Meskipun target penerimaan kedua jenis cukai tersebut telah masuk dalam postur anggaran, keputusan mengenai waktu implementasinya masih perlu dibahas.
Terutama, untuk Cukai MBDK yang pembahasannya lebih kompleks dibandingkan dengan cukai plastik.
"Kita akan lihat dari sisi timing-nya, mengenai kondisi ekonomi, urgensi pengenaannya, dan target yang sudah ditetapkan dalam APBN. Untuk [cukai minuman] berpemanis itu, kondisinya mungkin lebih kompleks lagi. Karena Undang-Undang kesehatan mensyaratkan, bahwa minuman berpemanis itu masuk dalam undang-undang kesehatan," katanya di di Komisi XI DPR RI, Selasa (19/3).
Sri Mulyani menyatakan kementeriannya masih terus mencermati pembahasan yang dilakukan Kementerian Kesehatan, Kementerian Perindustrian, serta pelaku usaha dalam urusan kadar gula dalam makanan dalam kemasan. Karenanya, pihaknya perlu berkonsultasi tidak hanya kepada kementerian/lembaga terkait, melainkan juga Presiden dan DPR untuk memutuskan tarif dan implementasi cukai MBDK.
"Memang sudah mulai muncul berbagai reaksi karena adanya pembahasan antara K/L," ujarnya.
Dalam implementasi cukai plastik, Kementerian Keuangan perlu menimbang kondisi perekonomian domestik.
"Untuk yang plastik, kita sudah beberapa kali menyampaikan di sini.
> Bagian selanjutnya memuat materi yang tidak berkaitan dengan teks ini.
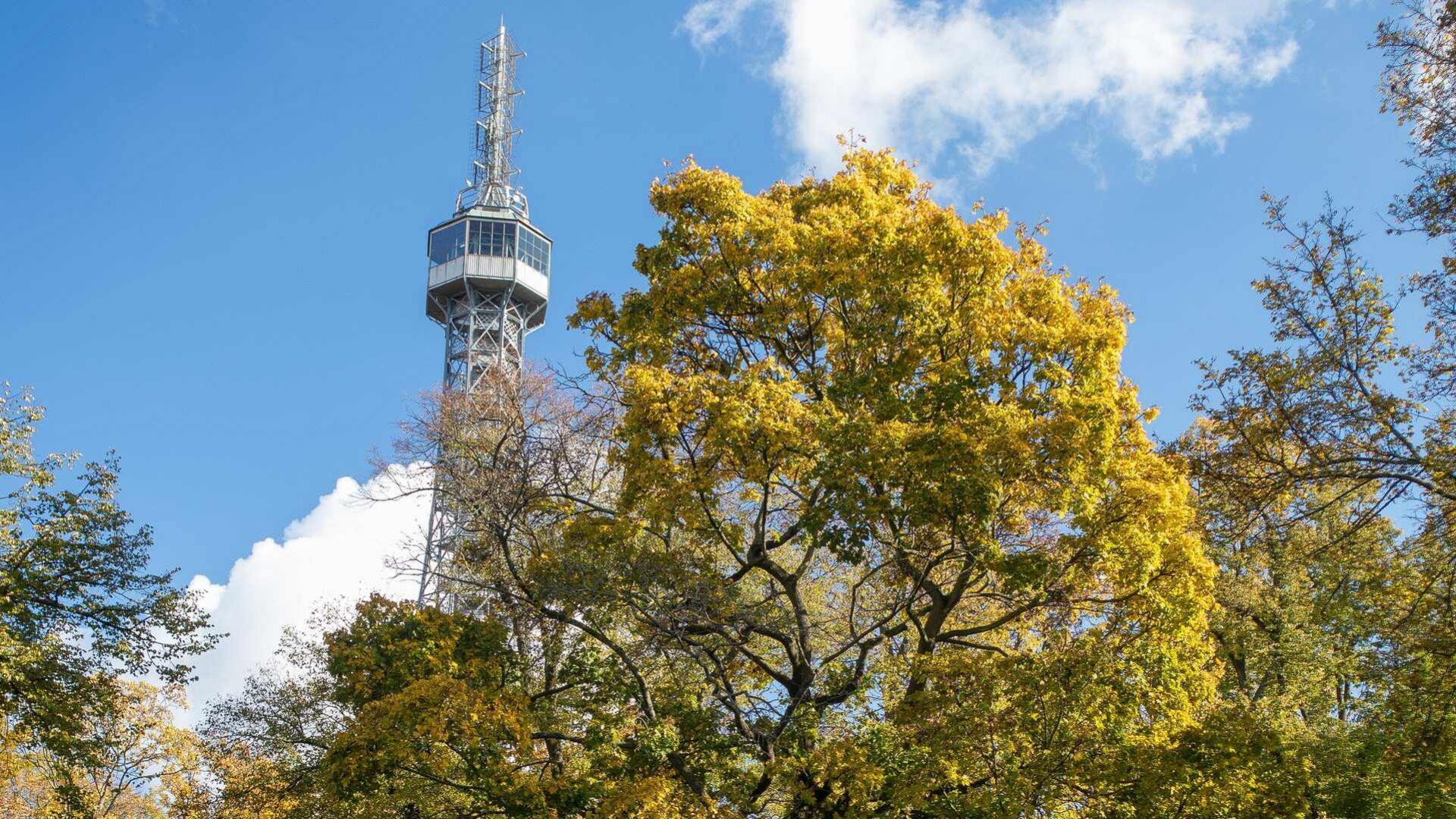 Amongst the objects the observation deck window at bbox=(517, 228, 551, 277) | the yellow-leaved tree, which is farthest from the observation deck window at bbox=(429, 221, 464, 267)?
the yellow-leaved tree

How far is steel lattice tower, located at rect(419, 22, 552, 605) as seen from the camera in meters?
55.2

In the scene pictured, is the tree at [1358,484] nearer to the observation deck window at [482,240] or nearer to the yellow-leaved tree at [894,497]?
the yellow-leaved tree at [894,497]

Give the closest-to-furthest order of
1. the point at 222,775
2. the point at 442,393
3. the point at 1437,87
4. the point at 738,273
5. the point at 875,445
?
the point at 1437,87, the point at 875,445, the point at 738,273, the point at 222,775, the point at 442,393

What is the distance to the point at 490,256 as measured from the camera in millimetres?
55375

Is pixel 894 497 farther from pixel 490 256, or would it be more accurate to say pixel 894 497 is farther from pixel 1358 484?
pixel 490 256

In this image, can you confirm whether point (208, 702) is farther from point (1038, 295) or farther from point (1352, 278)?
point (1352, 278)

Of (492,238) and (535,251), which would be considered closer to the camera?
(492,238)

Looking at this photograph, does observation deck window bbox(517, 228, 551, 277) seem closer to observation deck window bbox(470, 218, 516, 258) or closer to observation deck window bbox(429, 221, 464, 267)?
observation deck window bbox(470, 218, 516, 258)

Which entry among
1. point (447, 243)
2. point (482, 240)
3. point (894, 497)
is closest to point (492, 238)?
point (482, 240)

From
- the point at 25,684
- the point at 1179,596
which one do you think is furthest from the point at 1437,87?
the point at 25,684

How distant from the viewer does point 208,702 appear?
1936 centimetres

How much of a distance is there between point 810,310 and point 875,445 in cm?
234

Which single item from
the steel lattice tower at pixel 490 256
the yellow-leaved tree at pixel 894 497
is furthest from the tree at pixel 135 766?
the steel lattice tower at pixel 490 256

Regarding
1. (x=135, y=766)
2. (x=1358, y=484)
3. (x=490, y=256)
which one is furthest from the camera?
(x=490, y=256) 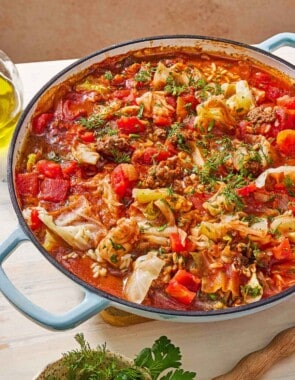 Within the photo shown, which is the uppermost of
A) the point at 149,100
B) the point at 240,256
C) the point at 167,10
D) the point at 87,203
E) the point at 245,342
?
the point at 167,10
Kita membuat penilaiannya adalah mengenai masalah kondisi ekonomi saja: apakah kalau ini kondisinya sedang membaik kita tambahkan cukai, maupun juga dari sisi urgensinya. Jangan lupa bahwa waktu bicara tentang cukai ini, tujuannya adalah untuk [menekan] konsumsi karena dianggap barang yang berbahaya bagi lingkungan atau kesehatan," katanya.
Sudah ditargetkan pada APBN
Dirjen Bea dan Cukai, Askolani, belum dapat memastikan kapan pembahasan dan implementasi cukai MBDK dan plastik tersebut dimulai.
"Sesuai dengan yang sudah disepakati sebelumnya di Komisi XI, dan bila sudah selesai pada waktunya nanti akan dikonsultasikan dengan Komisi XI. Sampai saat ini kebijakannya belum final," ujarnya.
Sebagai konteks, implementasi cukai MBDK dipertanyakan oleh Wakil Ketua Komisi XI Dolfie O.F.P lantaran target penerimaannya telah tertuang dalam APBN 2024.
"Total Rp6,1 triliun. Kalau target itu enggak dicapai, itu ditutup dengan apa. Padahal kita mendesain belanja karena penerimaannya kita yakini, ternyata ada Rp6 triliun yang penerimaannya belum kita yakini," katanya.